Considerations when using Basis Contracts:

  • In short, it’s all about weighing how much time you have before delivery and what’s more important in the moment: delivery location flexibility or an attractively high basis price. Ask yourself these 3 questions:
    • How many grain elevators do you deliver to? One or many?
      • Favorable: If you always deliver one local grain buyer, it’s easier to know how strong their current basis is and commit bushels. Since you’re ultimately going to deliver to them anyway, delivery location flexibility isn’t a relevant factor. That’s why it can be a profitable decision to commit bushels to one elevator by incrementally setting basis as prices look favorable… You can worry about futures prices later if and when they improve!
      • Unfavorable: If you deliver to two or more grain buyers and see a stronger than average basis, you should consider how strong that basis is compared to what the other local buyers might do later in the season.

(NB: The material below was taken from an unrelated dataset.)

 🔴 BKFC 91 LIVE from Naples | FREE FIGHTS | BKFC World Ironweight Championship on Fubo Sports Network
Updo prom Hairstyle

Once bushels are committed on a basis contract, they typically must deliver to that elevator. That eliminates flexibility to deliver elsewhere if another location’s basis improves or that facility’s delivery wait times become uneconomical. These scenarios tend to favor delivery flexibility over a moderately strong basis price… Keep your options open!
    • What’s the historical strength of basis versus current futures market volatility?

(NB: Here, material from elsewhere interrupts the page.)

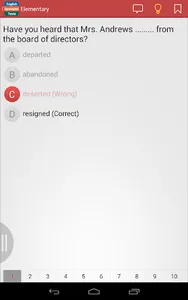 English Synonyms Tests screenshot 9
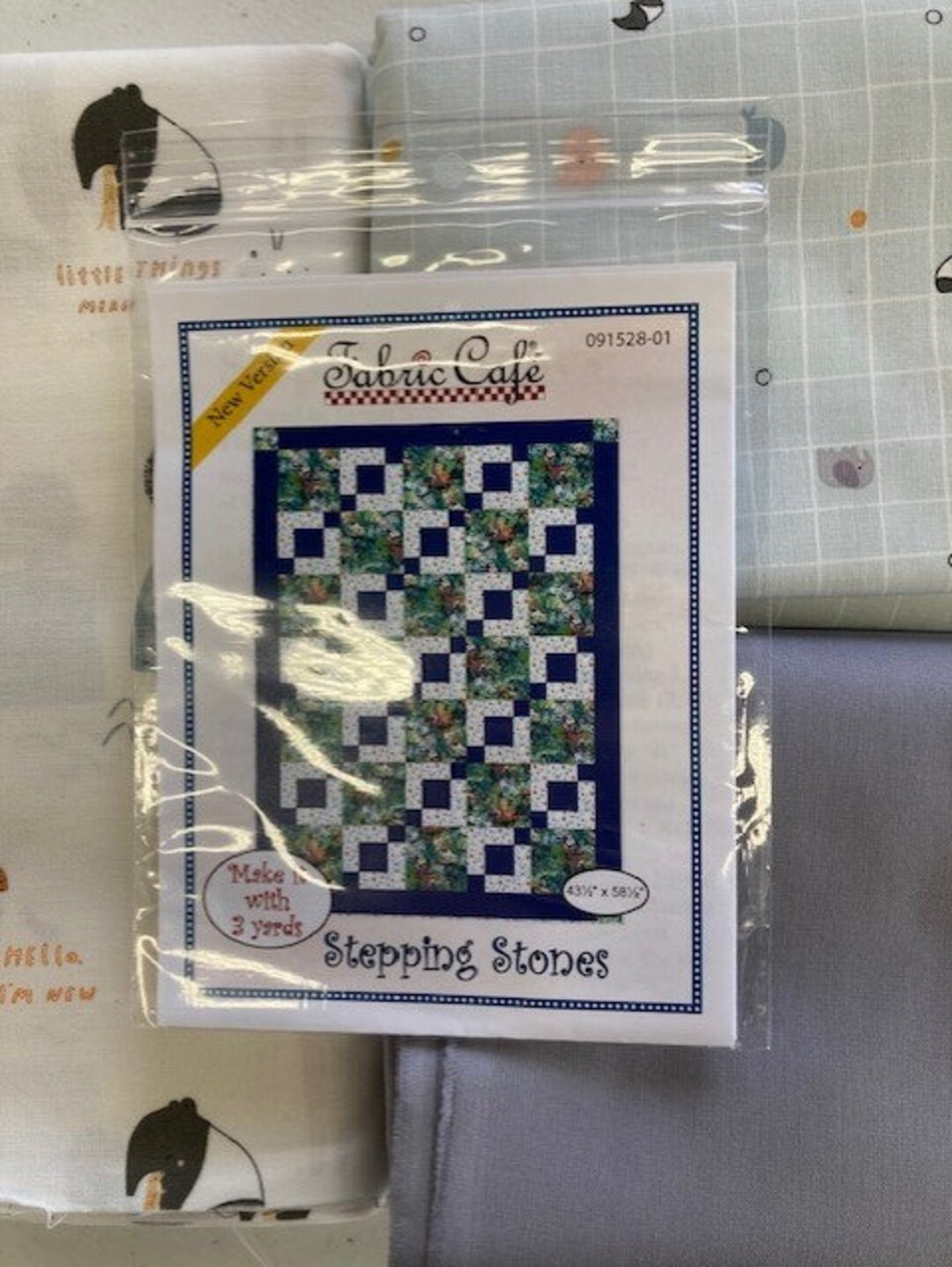 Starlight Riley Blake Pattern 3 Yard Quilt Kit and Pattern With Riley Blake Fabric - Etsy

      • Favorable: Sometimes we see a basis that’s just too good to pass up. Maybe a facility is desperate for grain and needs to procure it by spiking basis prices. “I’ve never seen the bid that high in my life!” The bid is so high that the chances of any competitor having a higher basis are small. In these cases, it might be a good idea to commit some of your grain to an elevator you’re probably going to deliver grain to anyway.
      • Unfavorable: Other times, we see a basis that’s 10 or 15 cents higher than the rest of the local market and get the urge to commit grain there. While that looks like a profitable move, we need to put that market premium in perspective relative to how futures prices move these days. Over the course of the last few crop years, we’ve seen multiple dollar’s worth of futures price action on individual grain contract months. That’s a whole lot more than 10 or 15 cents. Avoid being “penny wise and pound foolish” by being patient with basis and capitalizing on the typically more lucrative futures market by maintaining delivery location flexibility!

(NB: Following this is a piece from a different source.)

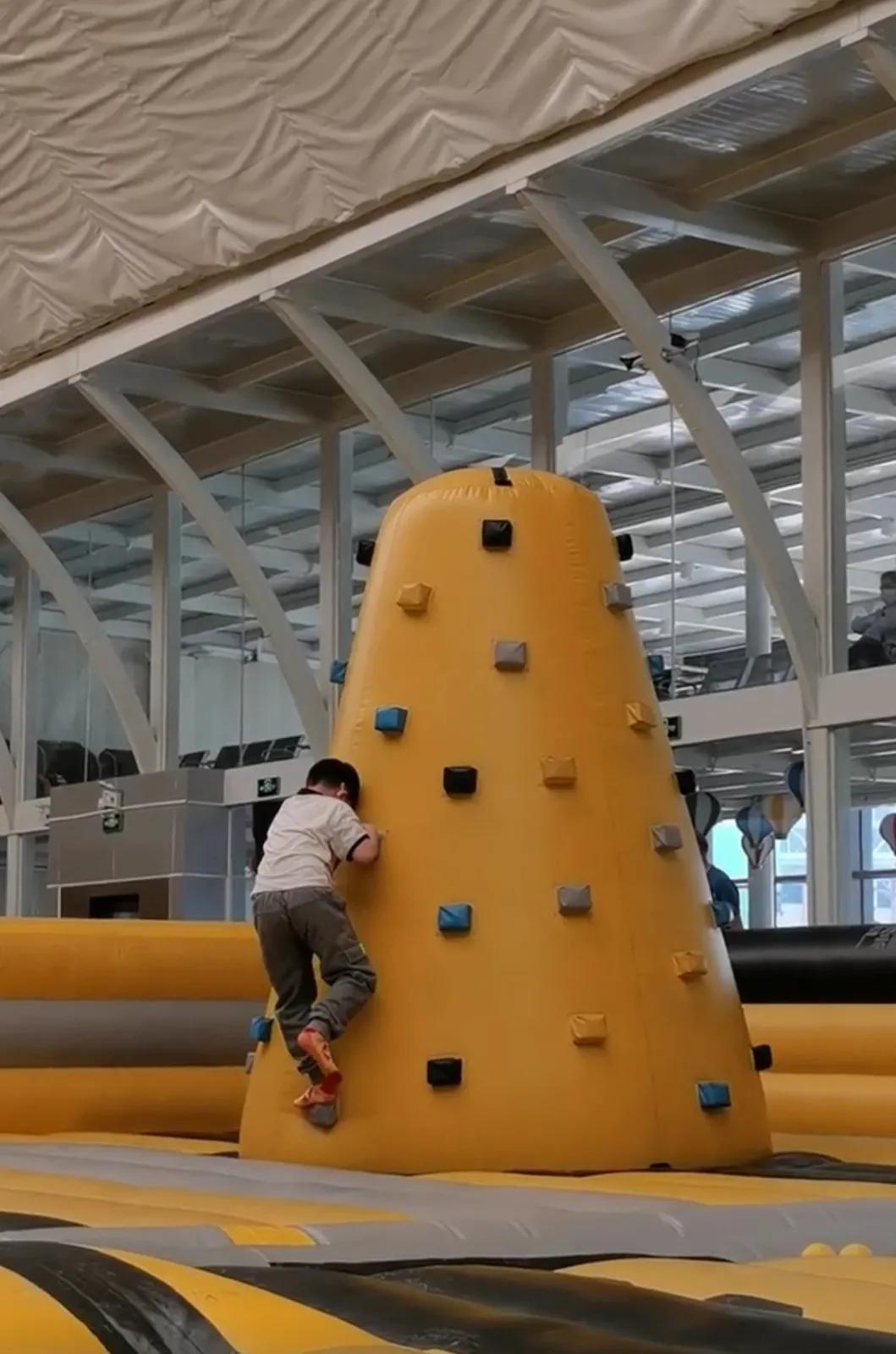 石家庄天空之城全景,石家庄天空之城游乐场门票多少钱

    • When are you planning to deliver?
      • Favorable: The closer we get to a desired delivery period, the less chances there are for basis to change drastically, or for another local Buyer to raise their bid. For example, sometimes we see a strong new crop basis or are planning to clean out the bins with old crop a couple months ahead of Harvest. Short time periods before delivery and an attractively high basis typically outweigh maintaining delivery location flexibility. There’s just not enough time for other local buyers to raise their bids high enough to miss out on guaranteed good prices.
      • Unfavorable: The further out we are from the desired delivery period, the more time there is for local conditions to change basis levels. During planting, we may see local Harvest delivery bids 5 or 10 cents higher than normal and be tempted to commit delivery to one location. But we’d be missing the fact that the futures market is more than likely going to move up and down a lot more than 5 or 10 cents over the course of the growing season. Other elevators will probably have new purchasing requirements during that time span where they may have to spike their bid. That means maintaining delivery location flexibility to deliver wherever you want probably will outweigh committing a moderately strong price to one location so early.

Summary: When and When NOT to Use Basis Contracts:

  • If you deliver to more than one grain elevator, maintaining flexibility in where you’ll be able to deliver (and what basis price you’ll receive) is crucial to a profitable farm operation. It’s one of the few areas of control a Farmer can maintain in grain markets. Setting the futures portion of your cash grain prices separately from a direct sale commitment on basis to an elevator will give you more leverage to be a price maker, rather than a price taker.